ACTION ITEM: From the material below, retype exactly the lines that begin at the line with "Photo 15 of" and end after the line with "Внедорожник / Кроссовер"; pictures stay out of the copy.

EXCERPTED RECORDS:
____

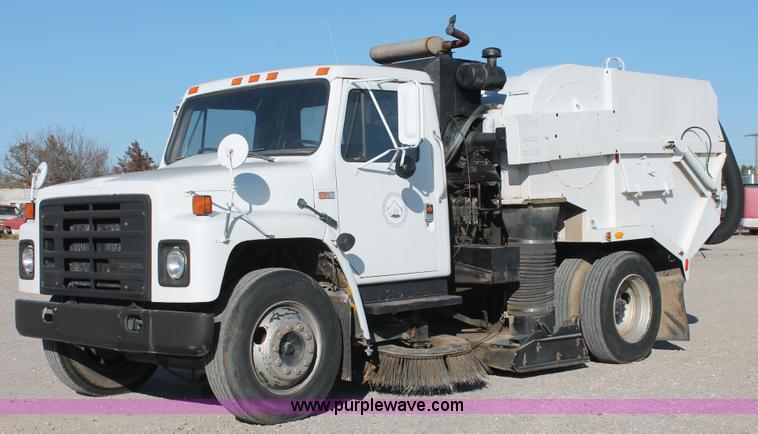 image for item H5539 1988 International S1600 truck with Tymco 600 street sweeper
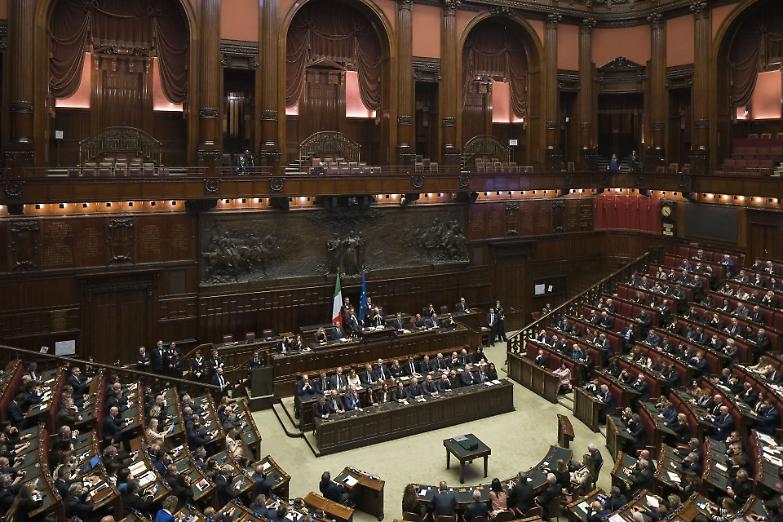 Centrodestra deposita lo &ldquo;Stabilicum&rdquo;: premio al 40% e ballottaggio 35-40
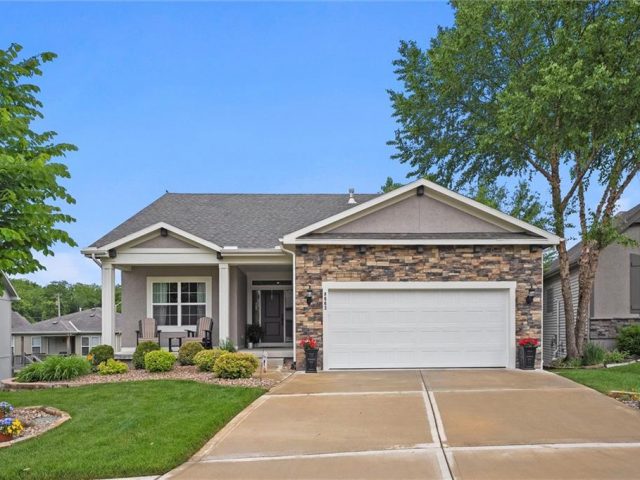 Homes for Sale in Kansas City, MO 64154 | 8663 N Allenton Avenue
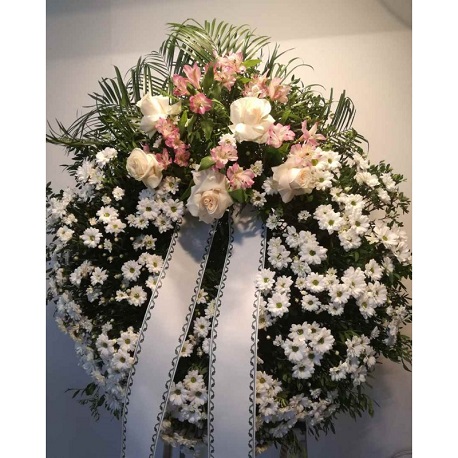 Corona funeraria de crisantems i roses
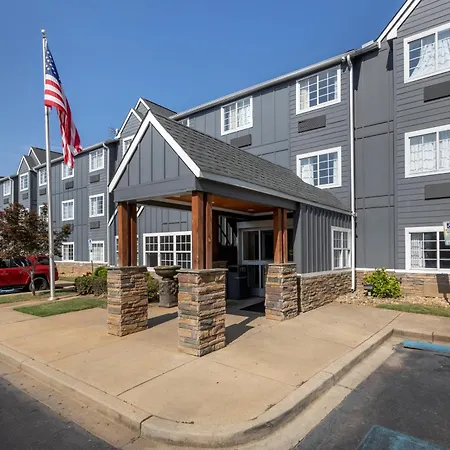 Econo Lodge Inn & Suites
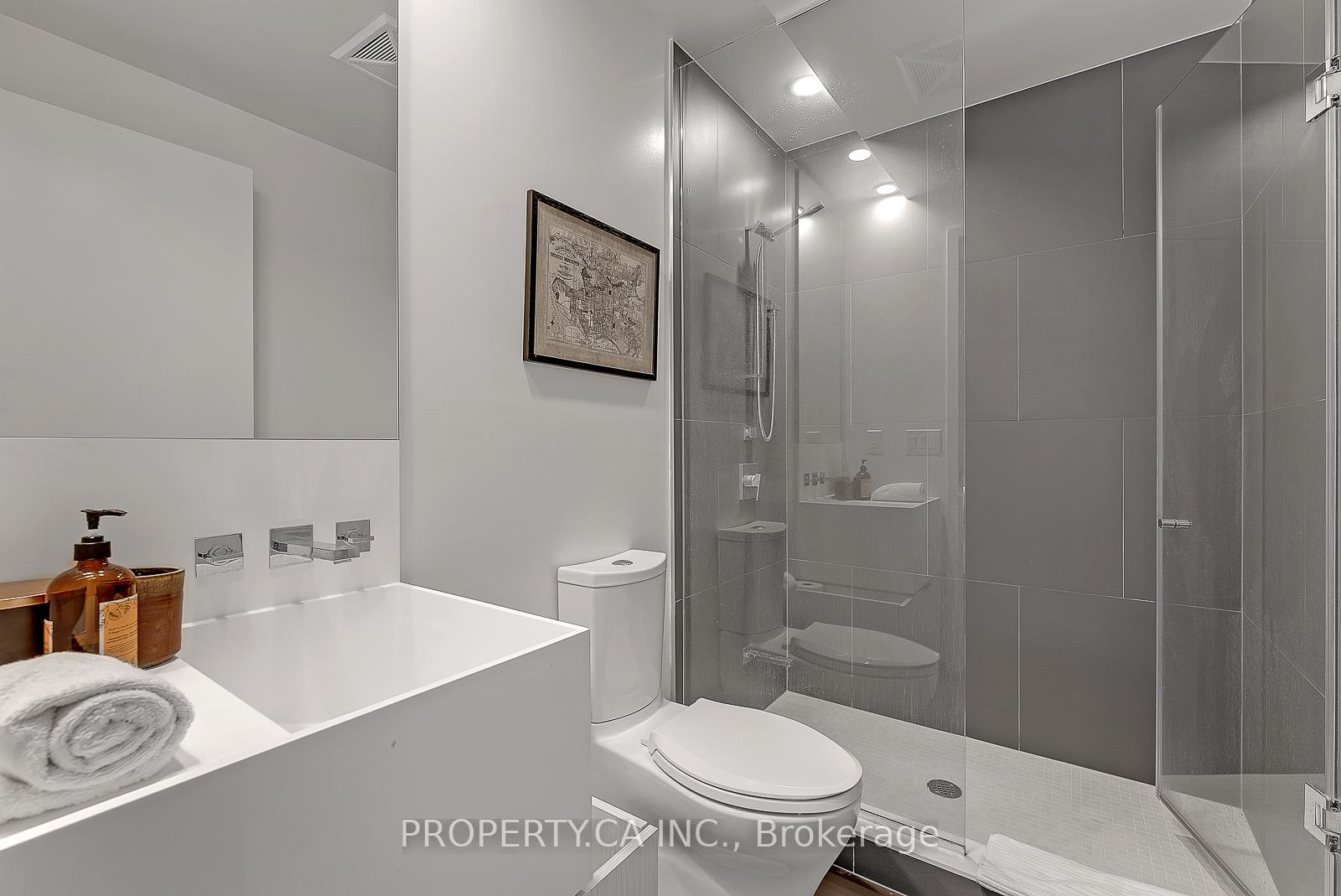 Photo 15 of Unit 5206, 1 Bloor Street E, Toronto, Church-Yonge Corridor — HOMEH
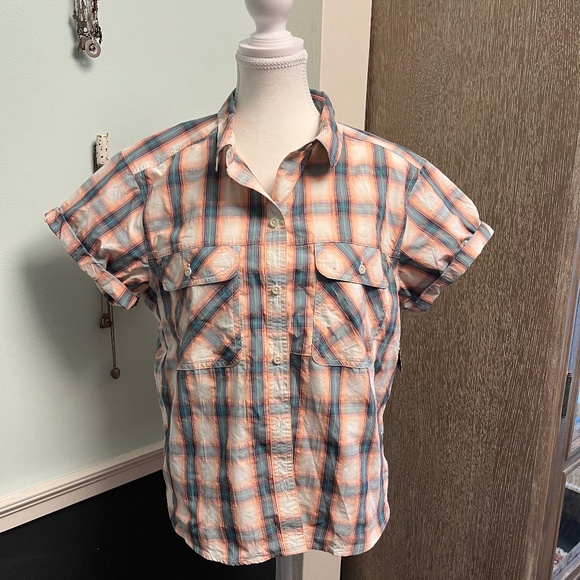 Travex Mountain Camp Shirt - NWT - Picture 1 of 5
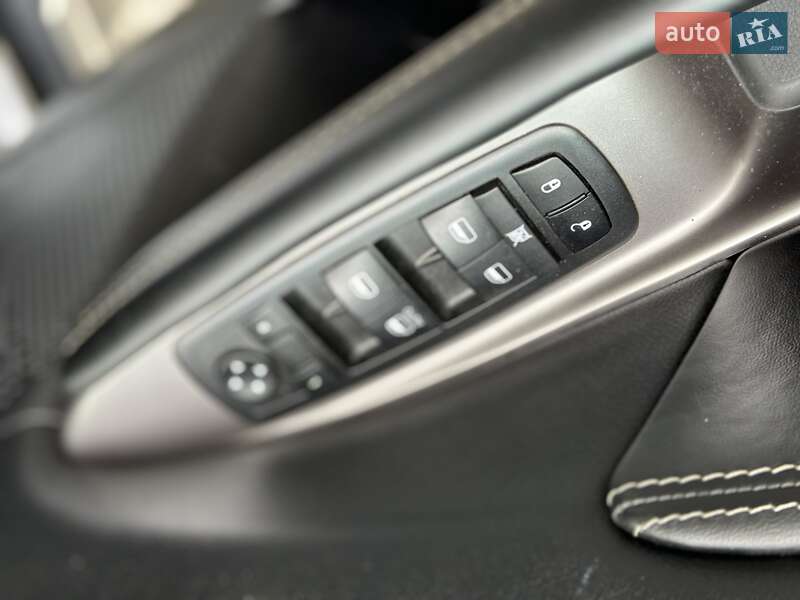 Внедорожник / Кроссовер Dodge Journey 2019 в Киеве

____

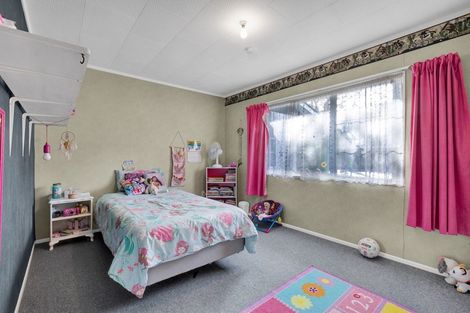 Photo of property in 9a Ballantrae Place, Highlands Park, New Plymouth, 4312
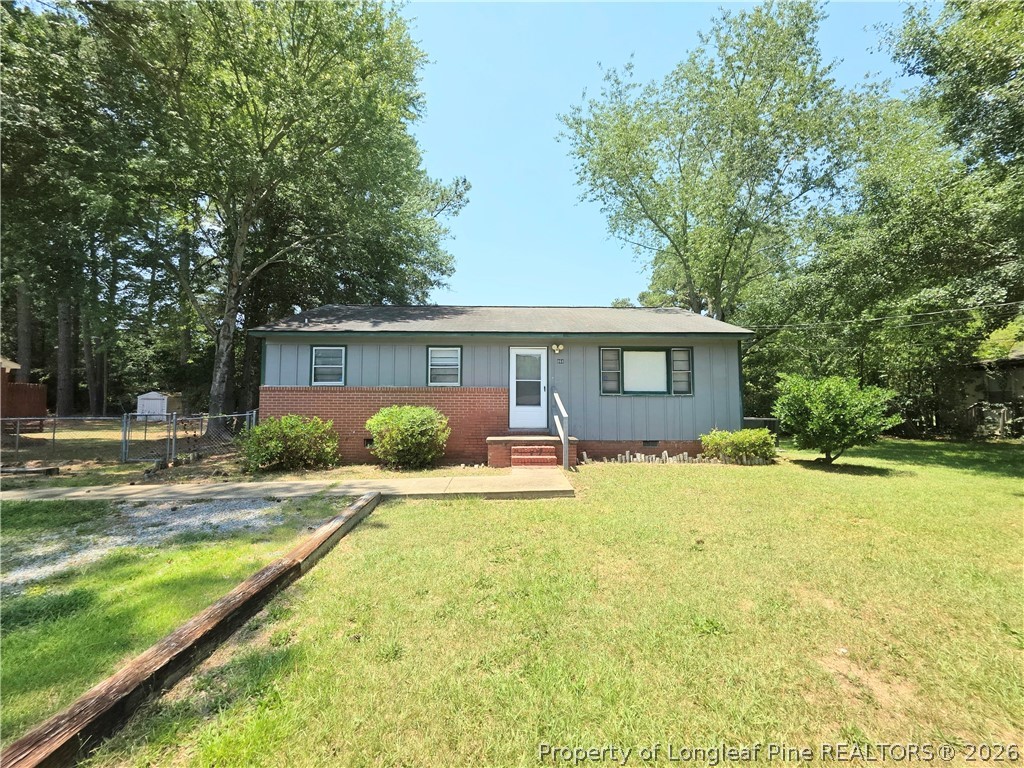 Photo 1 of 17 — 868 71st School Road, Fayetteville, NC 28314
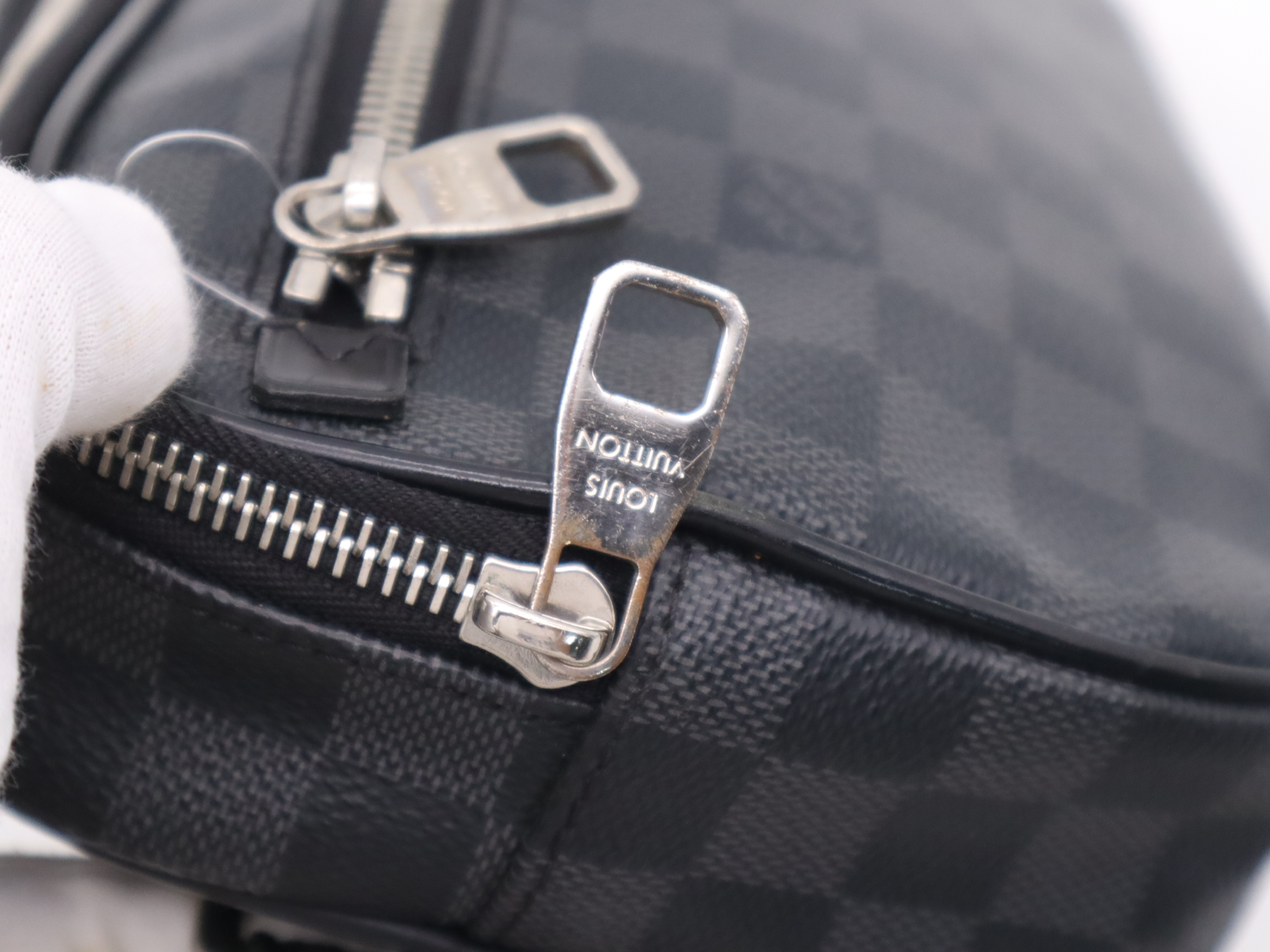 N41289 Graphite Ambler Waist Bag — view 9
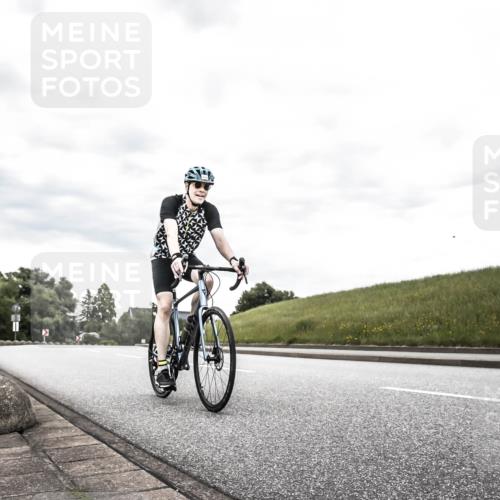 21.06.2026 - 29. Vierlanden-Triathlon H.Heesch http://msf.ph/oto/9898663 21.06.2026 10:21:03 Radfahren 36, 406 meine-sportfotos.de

____

EXPECTED ANSWER:
 Photo 15 of Unit 5206, 1 Bloor Street E, Toronto, Church-Yonge Corridor — HOMEH
 Travex Mountain Camp Shirt - NWT - Picture 1 of 5
 Внедорожник / Кроссовер Dodge Journey 2019 в Киеве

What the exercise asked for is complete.